◆ **What the task requires**
Would you retype every line below without changing anything?

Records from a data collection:
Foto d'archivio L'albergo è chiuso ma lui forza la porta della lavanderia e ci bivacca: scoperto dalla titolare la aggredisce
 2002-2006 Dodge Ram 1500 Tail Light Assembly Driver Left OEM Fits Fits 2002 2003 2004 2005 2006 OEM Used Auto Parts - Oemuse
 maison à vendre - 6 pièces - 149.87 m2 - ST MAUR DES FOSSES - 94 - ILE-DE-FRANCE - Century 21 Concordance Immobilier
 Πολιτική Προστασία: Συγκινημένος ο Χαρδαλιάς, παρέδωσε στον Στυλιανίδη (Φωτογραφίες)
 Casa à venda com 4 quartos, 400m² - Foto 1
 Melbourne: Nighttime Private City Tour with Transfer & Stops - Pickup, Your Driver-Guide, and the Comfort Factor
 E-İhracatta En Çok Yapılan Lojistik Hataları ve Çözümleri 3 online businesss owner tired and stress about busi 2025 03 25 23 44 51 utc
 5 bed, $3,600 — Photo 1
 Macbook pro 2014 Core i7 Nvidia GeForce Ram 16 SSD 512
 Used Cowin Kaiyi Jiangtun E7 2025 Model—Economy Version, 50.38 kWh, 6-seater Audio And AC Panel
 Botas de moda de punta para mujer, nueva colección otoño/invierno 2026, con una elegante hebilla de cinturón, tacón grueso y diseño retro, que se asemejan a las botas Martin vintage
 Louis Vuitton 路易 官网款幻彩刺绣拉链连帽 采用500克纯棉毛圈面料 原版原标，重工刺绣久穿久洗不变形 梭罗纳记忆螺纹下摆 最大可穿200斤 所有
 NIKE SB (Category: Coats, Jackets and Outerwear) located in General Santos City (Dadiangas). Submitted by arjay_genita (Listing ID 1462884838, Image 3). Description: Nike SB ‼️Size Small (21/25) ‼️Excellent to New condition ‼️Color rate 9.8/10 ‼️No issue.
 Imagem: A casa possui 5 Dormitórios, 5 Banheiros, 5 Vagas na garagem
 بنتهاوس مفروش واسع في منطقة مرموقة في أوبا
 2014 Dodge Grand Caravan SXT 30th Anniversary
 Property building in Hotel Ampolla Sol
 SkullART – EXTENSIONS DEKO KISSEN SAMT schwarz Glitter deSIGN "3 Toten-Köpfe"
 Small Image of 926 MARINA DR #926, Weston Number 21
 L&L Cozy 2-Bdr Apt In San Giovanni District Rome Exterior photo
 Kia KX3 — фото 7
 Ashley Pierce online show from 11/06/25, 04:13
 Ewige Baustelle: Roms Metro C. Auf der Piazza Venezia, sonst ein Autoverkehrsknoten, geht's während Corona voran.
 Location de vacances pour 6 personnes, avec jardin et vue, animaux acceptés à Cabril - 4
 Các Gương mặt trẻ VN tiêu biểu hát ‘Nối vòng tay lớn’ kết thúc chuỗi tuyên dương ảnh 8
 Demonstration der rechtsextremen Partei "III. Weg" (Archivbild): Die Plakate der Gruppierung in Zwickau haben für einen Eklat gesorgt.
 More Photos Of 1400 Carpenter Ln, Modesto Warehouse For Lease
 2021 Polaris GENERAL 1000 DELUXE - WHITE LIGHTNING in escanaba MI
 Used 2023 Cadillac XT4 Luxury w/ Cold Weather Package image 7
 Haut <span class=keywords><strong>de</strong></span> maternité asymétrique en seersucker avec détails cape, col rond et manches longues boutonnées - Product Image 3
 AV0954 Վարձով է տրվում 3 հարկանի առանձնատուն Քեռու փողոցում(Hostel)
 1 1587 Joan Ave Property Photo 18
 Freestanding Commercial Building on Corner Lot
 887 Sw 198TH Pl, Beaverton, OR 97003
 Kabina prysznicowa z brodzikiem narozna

◆ **Solution to the exercise**
Foto d'archivio L'albergo è chiuso ma lui forza la porta della lavanderia e ci bivacca: scoperto dalla titolare la aggredisce
 2002-2006 Dodge Ram 1500 Tail Light Assembly Driver Left OEM Fits Fits 2002 2003 2004 2005 2006 OEM Used Auto Parts - Oemuse
 maison à vendre - 6 pièces - 149.87 m2 - ST MAUR DES FOSSES - 94 - ILE-DE-FRANCE - Century 21 Concordance Immobilier
 Πολιτική Προστασία: Συγκινημένος ο Χαρδαλιάς, παρέδωσε στον Στυλιανίδη (Φωτογραφίες)
 Casa à venda com 4 quartos, 400m² - Foto 1
 Melbourne: Nighttime Private City Tour with Transfer & Stops - Pickup, Your Driver-Guide, and the Comfort Factor
 E-İhracatta En Çok Yapılan Lojistik Hataları ve Çözümleri 3 online businesss owner tired and stress about busi 2025 03 25 23 44 51 utc
 5 bed, $3,600 — Photo 1
 Macbook pro 2014 Core i7 Nvidia GeForce Ram 16 SSD 512
 Used Cowin Kaiyi Jiangtun E7 2025 Model—Economy Version, 50.38 kWh, 6-seater Audio And AC Panel
 Botas de moda de punta para mujer, nueva colección otoño/invierno 2026, con una elegante hebilla de cinturón, tacón grueso y diseño retro, que se asemejan a las botas Martin vintage
 Louis Vuitton 路易 官网款幻彩刺绣拉链连帽 采用500克纯棉毛圈面料 原版原标，重工刺绣久穿久洗不变形 梭罗纳记忆螺纹下摆 最大可穿200斤 所有
 NIKE SB (Category: Coats, Jackets and Outerwear) located in General Santos City (Dadiangas). Submitted by arjay_genita (Listing ID 1462884838, Image 3). Description: Nike SB ‼️Size Small (21/25) ‼️Excellent to New condition ‼️Color rate 9.8/10 ‼️No issue.
 Imagem: A casa possui 5 Dormitórios, 5 Banheiros, 5 Vagas na garagem
 بنتهاوس مفروش واسع في منطقة مرموقة في أوبا
 2014 Dodge Grand Caravan SXT 30th Anniversary
 Property building in Hotel Ampolla Sol
 SkullART – EXTENSIONS DEKO KISSEN SAMT schwarz Glitter deSIGN "3 Toten-Köpfe"
 Small Image of 926 MARINA DR #926, Weston Number 21
 L&L Cozy 2-Bdr Apt In San Giovanni District Rome Exterior photo
 Kia KX3 — фото 7
 Ashley Pierce online show from 11/06/25, 04:13
 Ewige Baustelle: Roms Metro C. Auf der Piazza Venezia, sonst ein Autoverkehrsknoten, geht's während Corona voran.
 Location de vacances pour 6 personnes, avec jardin et vue, animaux acceptés à Cabril - 4
 Các Gương mặt trẻ VN tiêu biểu hát ‘Nối vòng tay lớn’ kết thúc chuỗi tuyên dương ảnh 8
 Demonstration der rechtsextremen Partei "III. Weg" (Archivbild): Die Plakate der Gruppierung in Zwickau haben für einen Eklat gesorgt.
 More Photos Of 1400 Carpenter Ln, Modesto Warehouse For Lease
 2021 Polaris GENERAL 1000 DELUXE - WHITE LIGHTNING in escanaba MI
 Used 2023 Cadillac XT4 Luxury w/ Cold Weather Package image 7
 Haut <span class=keywords><strong>de</strong></span> maternité asymétrique en seersucker avec détails cape, col rond et manches longues boutonnées - Product Image 3
 AV0954 Վարձով է տրվում 3 հարկանի առանձնատուն Քեռու փողոցում(Hostel)
 1 1587 Joan Ave Property Photo 18
 Freestanding Commercial Building on Corner Lot
 887 Sw 198TH Pl, Beaverton, OR 97003
 Kabina prysznicowa z brodzikiem narozna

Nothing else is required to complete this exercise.